* _EXERCISE REQUIREMENTS_:
Copy out, from the data, each line containing the string "yang".

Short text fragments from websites
........

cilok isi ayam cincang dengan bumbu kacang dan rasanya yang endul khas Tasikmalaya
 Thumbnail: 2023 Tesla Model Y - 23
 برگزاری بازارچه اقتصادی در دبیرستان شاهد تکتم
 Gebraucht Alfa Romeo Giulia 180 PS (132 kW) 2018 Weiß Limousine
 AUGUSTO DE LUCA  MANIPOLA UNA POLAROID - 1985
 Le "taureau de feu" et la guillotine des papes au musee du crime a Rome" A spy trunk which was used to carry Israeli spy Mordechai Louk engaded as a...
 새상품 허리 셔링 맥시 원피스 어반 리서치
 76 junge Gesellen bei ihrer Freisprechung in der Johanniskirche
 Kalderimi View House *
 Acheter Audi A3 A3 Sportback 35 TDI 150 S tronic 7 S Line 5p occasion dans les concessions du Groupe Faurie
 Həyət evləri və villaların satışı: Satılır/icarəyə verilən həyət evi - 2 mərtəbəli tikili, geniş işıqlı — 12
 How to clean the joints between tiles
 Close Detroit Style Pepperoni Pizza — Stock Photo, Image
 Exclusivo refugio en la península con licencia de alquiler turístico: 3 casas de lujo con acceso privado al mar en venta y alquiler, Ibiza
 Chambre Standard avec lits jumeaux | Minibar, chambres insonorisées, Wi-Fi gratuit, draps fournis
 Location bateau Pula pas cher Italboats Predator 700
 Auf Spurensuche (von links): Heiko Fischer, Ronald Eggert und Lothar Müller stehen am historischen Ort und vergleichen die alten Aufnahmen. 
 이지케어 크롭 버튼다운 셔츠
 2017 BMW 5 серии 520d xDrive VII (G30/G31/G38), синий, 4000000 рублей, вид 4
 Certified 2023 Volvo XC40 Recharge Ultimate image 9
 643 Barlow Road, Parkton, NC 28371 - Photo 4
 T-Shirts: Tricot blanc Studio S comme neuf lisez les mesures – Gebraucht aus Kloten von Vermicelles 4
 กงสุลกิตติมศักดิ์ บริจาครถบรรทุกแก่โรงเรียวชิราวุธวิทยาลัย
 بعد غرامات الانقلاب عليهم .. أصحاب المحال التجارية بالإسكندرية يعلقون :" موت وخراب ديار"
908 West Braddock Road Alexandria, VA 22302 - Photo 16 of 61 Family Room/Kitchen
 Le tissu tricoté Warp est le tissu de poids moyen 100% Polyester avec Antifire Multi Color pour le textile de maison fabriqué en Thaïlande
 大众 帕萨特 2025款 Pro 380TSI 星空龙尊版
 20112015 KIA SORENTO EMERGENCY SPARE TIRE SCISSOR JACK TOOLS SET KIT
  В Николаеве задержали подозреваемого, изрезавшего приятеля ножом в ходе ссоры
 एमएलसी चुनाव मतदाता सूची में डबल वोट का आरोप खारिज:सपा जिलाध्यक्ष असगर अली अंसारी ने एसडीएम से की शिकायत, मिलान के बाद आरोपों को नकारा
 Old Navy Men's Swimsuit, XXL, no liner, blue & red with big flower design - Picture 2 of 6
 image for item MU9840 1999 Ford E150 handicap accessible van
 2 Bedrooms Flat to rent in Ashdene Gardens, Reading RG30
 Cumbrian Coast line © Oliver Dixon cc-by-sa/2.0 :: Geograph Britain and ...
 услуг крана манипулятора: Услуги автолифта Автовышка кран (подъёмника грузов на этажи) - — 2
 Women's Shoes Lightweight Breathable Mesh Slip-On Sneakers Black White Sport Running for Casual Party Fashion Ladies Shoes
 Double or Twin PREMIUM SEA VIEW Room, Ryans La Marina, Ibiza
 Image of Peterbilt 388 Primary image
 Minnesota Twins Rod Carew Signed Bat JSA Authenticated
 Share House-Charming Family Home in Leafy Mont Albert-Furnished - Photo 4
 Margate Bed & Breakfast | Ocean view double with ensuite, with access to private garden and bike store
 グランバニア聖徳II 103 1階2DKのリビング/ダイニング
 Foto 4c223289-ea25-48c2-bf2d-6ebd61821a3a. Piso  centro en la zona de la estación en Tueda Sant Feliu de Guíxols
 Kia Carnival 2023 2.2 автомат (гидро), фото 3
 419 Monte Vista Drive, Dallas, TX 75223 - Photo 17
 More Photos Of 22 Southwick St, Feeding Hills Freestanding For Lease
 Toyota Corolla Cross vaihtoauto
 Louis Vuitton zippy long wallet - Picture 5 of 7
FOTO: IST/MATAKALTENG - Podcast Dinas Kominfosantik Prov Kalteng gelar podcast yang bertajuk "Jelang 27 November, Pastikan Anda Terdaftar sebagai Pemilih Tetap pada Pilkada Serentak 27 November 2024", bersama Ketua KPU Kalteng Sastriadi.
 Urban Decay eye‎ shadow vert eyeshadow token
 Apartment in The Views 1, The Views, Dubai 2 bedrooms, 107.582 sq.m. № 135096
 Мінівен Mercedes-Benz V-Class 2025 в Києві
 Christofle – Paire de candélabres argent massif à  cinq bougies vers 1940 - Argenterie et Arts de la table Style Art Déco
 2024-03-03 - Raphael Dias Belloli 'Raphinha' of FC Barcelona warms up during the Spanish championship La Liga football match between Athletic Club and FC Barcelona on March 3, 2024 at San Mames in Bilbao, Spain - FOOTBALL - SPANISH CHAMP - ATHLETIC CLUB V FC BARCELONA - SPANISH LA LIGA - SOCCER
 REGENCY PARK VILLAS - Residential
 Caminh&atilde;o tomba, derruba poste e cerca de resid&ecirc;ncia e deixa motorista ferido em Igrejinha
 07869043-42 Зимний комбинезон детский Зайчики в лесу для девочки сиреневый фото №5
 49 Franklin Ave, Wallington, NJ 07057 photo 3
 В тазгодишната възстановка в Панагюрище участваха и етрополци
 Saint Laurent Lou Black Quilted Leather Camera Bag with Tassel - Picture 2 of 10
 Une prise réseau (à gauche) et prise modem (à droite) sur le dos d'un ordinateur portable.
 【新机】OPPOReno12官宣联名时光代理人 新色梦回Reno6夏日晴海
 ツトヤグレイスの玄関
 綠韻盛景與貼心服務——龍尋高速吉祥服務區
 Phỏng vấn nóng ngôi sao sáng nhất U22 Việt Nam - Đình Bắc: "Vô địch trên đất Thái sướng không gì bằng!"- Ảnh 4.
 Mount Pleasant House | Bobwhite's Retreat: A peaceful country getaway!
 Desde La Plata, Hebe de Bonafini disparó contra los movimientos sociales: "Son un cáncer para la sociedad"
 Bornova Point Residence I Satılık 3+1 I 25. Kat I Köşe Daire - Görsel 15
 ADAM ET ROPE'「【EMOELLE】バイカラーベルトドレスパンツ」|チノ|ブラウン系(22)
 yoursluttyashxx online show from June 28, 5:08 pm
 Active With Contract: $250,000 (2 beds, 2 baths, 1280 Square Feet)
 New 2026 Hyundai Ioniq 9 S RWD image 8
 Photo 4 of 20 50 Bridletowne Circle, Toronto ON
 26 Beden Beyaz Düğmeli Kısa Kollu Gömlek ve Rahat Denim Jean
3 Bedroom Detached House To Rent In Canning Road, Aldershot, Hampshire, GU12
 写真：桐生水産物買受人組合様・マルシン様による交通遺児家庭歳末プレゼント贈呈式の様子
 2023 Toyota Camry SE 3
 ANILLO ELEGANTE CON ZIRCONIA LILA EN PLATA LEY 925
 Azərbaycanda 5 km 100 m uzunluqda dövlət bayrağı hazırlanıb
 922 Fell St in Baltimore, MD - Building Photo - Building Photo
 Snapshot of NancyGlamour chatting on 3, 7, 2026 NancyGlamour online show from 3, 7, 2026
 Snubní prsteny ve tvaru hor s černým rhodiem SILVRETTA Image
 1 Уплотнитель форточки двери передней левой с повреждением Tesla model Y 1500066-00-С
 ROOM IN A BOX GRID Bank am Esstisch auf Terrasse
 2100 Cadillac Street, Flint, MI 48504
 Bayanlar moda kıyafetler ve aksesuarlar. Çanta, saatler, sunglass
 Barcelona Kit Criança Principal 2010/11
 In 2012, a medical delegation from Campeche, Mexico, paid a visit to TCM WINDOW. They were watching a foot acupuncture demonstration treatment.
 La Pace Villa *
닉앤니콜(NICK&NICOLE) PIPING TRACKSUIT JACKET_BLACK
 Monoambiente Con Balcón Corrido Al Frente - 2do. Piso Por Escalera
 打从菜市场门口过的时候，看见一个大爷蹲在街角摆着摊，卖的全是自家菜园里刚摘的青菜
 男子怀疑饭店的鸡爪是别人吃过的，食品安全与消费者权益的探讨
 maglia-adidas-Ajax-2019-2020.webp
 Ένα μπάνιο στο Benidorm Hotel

........

* _OUTPUT_:
cilok isi ayam cincang dengan bumbu kacang dan rasanya yang endul khas Tasikmalaya
FOTO: IST/MATAKALTENG - Podcast Dinas Kominfosantik Prov Kalteng gelar podcast yang bertajuk "Jelang 27 November, Pastikan Anda Terdaftar sebagai Pemilih Tetap pada Pilkada Serentak 27 November 2024", bersama Ketua KPU Kalteng Sastriadi.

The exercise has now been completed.